What Makes a Monster? and Pink Is for Blobfish by Jess Keating would make for great read-aloud choices. Both these books would help kids see that reading nonfiction is not always about research but that it can be enjoyable and interesting or just for fun. Because Keating writes both fiction and nonfiction, it would be fun for readers to see how her understanding of the animal world enters into her fiction writing.
It is easy to use great read alouds for reading minilessons, but I tend to rely on fiction books when teaching writing. Unless we are in an informational writing unit of study, the books I choose for minilessons tend to be fiction. But I am realizing that there are many nonfiction books that I can use to teach universal things in writing workshop. Many of my favorite nonfiction picture books have some of the best writing I’ve seen. I have no idea why I forget to use them in minilessons outside of an informational writing unit of study.
Separate Is Never Equal: Sylvia Mendez and Her Family’s Fight for Desegregation by Duncan Tonatiuh has a strong introduction that sets the stage for the story. Although this is a nonfiction book, Tonatiuh’s introduction can teach us a lot about effective moves for setting up any piece of writing.
She Persisted: 13 American Women Who Changed the World by Chelsea Clinton is filled with short pieces for writers to study. Clinton’s writing shows us how to pack a great deal of information and detail into a few short sentences—a skill helpful for all writing.
Fly High! The Story of Bessie Coleman by Louise Borden is a great book to study when I talk to writers about the rhythm of their sentences. Borden makes it easy to look at the way sentences sound and the way phrases are put together to make that happen.
Short Pieces Squeezed In When We Have a Few Extra Minutes
Lately I’ve discovered several books made up of short stand-alone pieces that can be shared as read alouds. I often find that we have 5-10 minutes here and there, especially on days with assemblies, testing, and other reasons for alternative schedules. Having these books handy to pull out when these tiny unexpected slots of time occur will allow me to read aloud more nonfiction.
Bravo! Poems about Amazing Hispanics by Margarita Engle is an incredible book of poetry. Each spread in this book gives us an informational poem and a gorgeous illustration about someone who has made an incredible difference in our world. Each of these can be read and enjoyed on its own.
Stormy Seas: Stories of Young Boat Refugees by Mary Beth Leatherdale is a powerful book capturing refugee experiences across time. There are pieces that can be shared independently in the book that would make for good read alouds.

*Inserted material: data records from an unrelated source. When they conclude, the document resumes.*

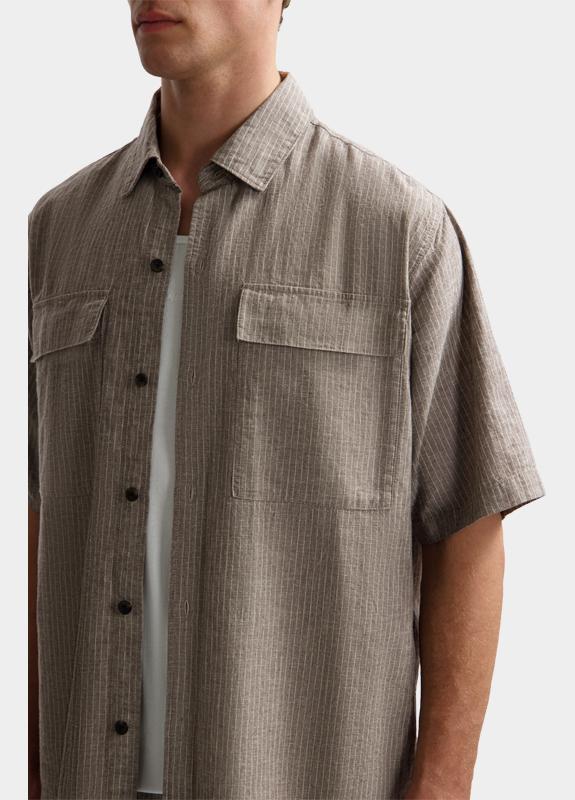 Dstrezzed overhemd korte mouw heren Beige Pinstripe Shirt 311521/216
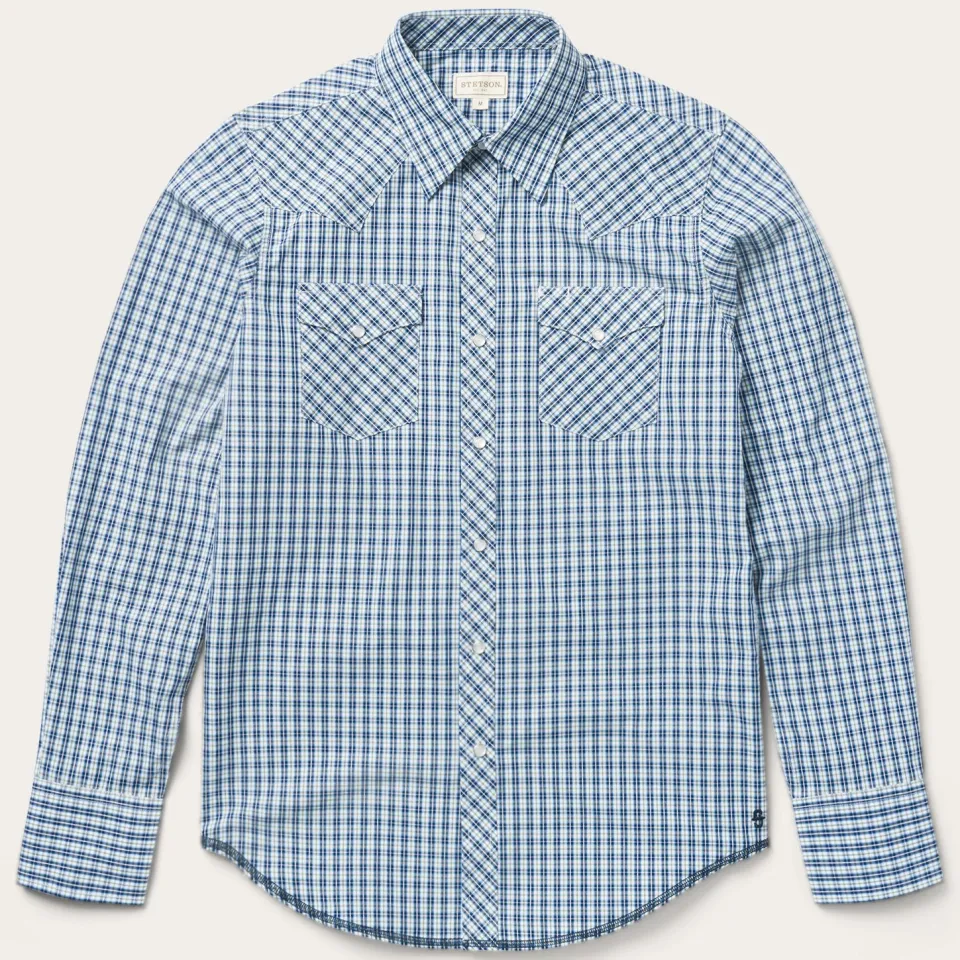 Stetson Modern Snap Front Shirt in Mini Check Blue Fashion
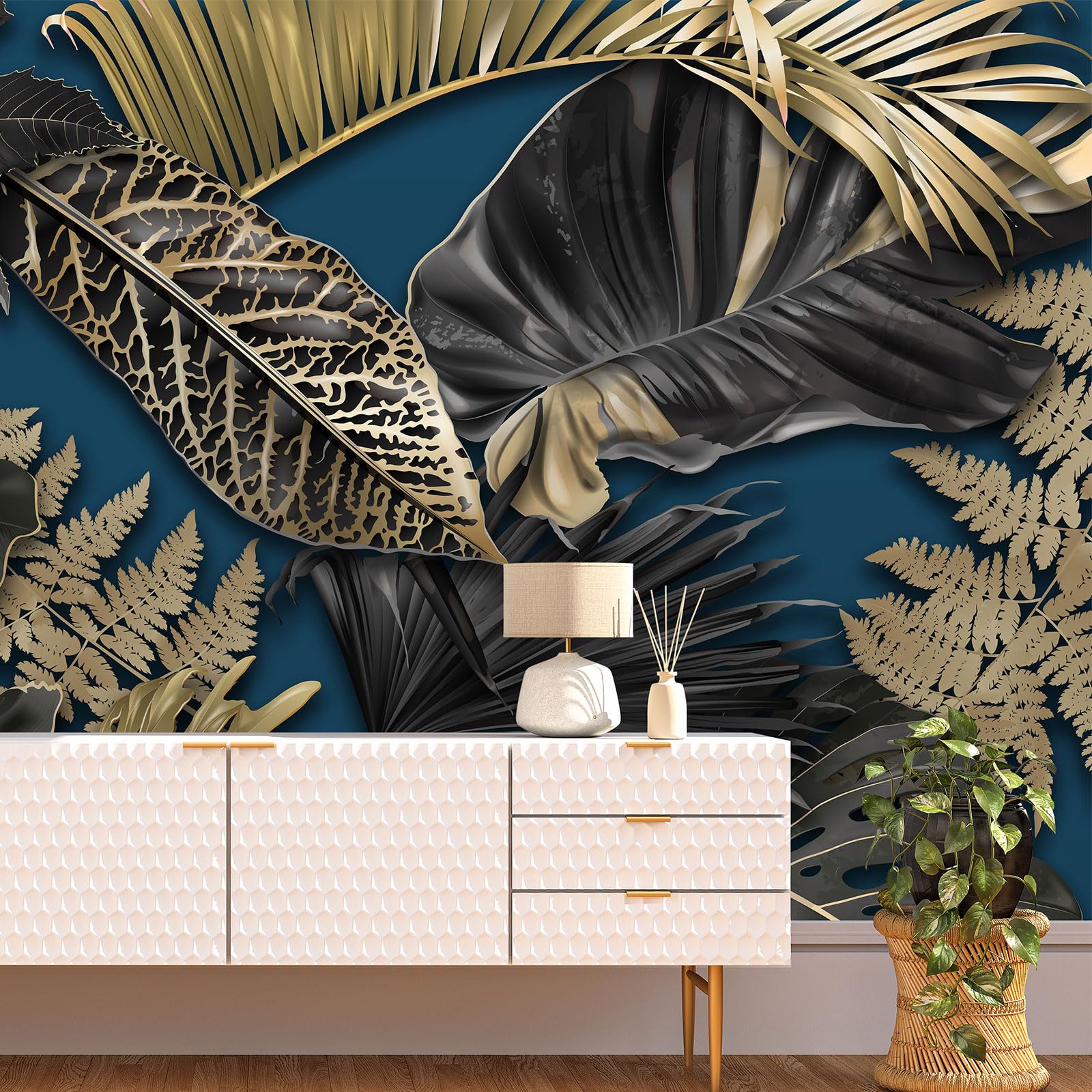 Papier peint panoramique feuilles tropicales Lumalea au design haut de gamme de 390 cm de large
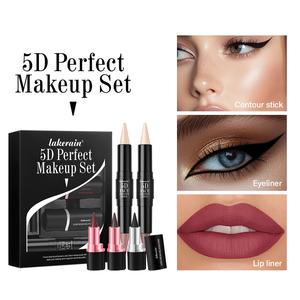 Lakerain 5D Perfect Makeup Set GEL EYELINER + 2 LINER LIPSTICK + 2 Double-end Contour Stick Makeup Kit 5 pcs/set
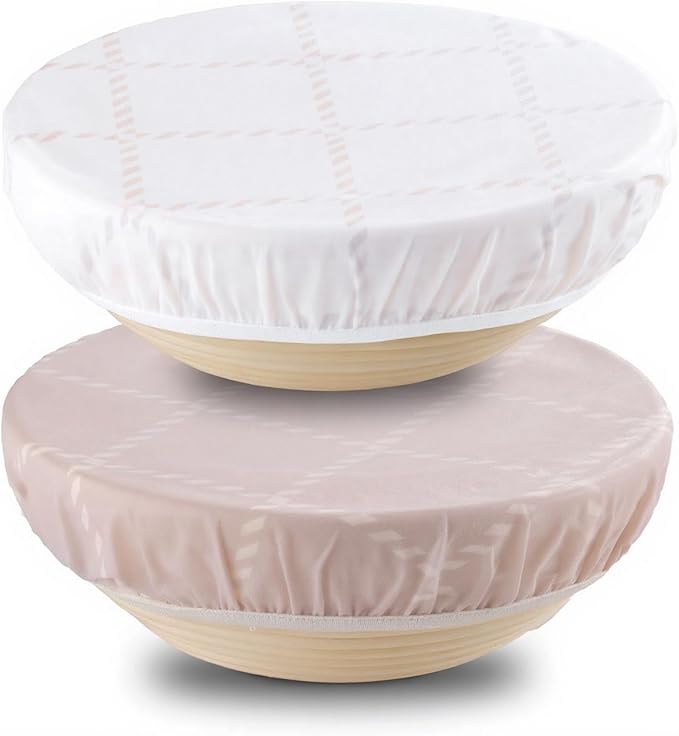 Reusable Beeswax Large Bowl Covers (2pc 12 Inch) – 100% Organic Cotton Elastic Food Covers for Sourdough Bread Proofing, Shower Caps for Dough Baskets, Beeswax Wraps, Bowl Covers, Bread Proofing Cover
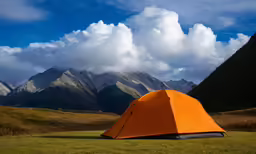 a orange tent sitting on top of a lush green hillside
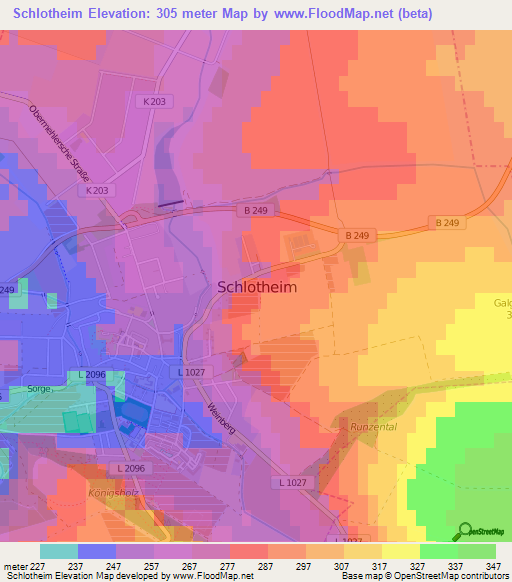 Schlotheim,Germany Elevation Map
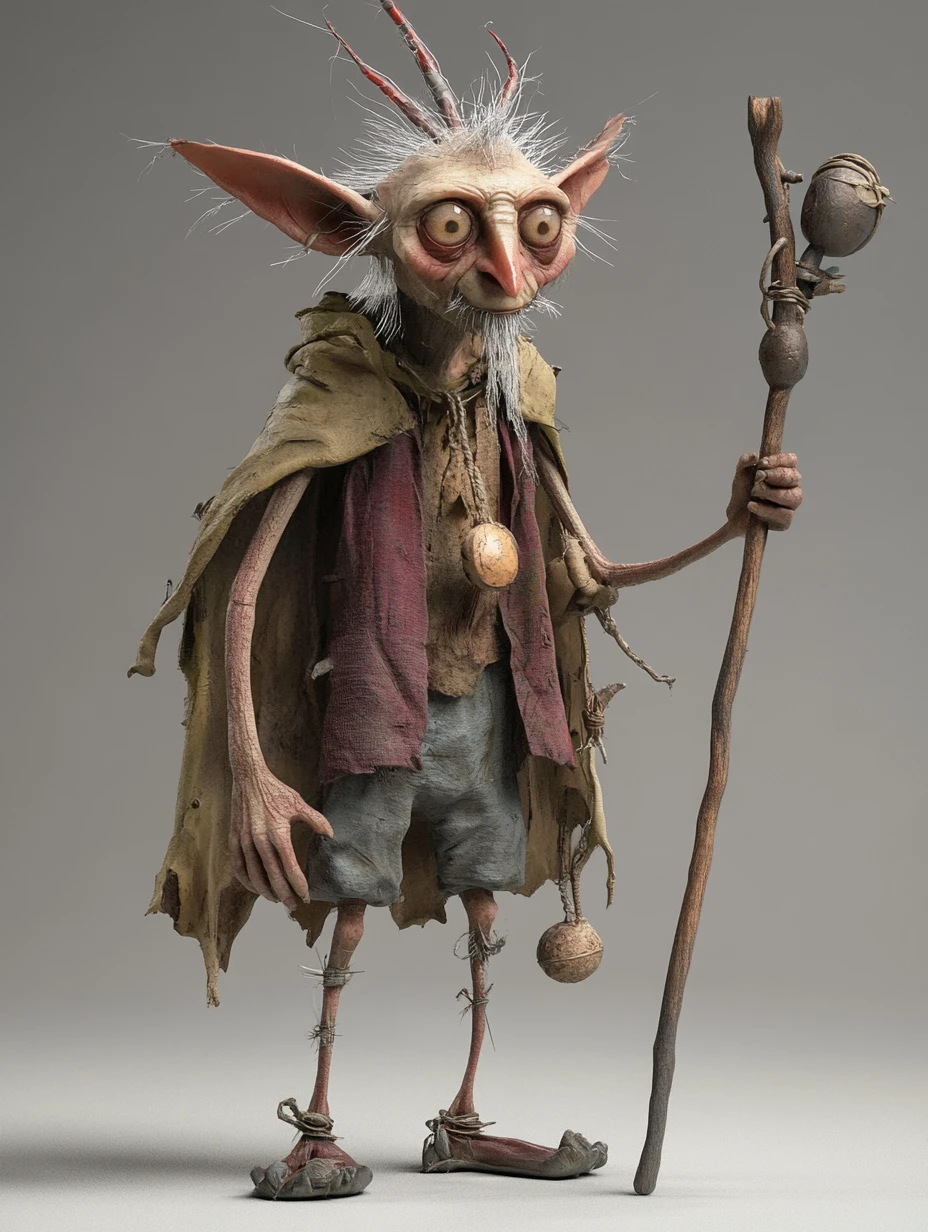 Wise ant humanoid wizard holding a staff in 3D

Two Truths and a Lie by Ammi-Joan Paquette challenges readers to choose the “fake news” in each trio of pieces on a subject. Determining whether a story is true of fact proves to be quite fun, and these can be read aloud and discussed together.
Creating this menu of titles and opportunities for myself and having this menu handy will help me hold myself accountable through the school year. I am hopeful that adding more nonfiction read alouds in a thoughtful way will have a snowball effect. More nonfiction read alouds might provoke more student responses, and I’ll see even more possibilities for including nonfiction reading throughout the year.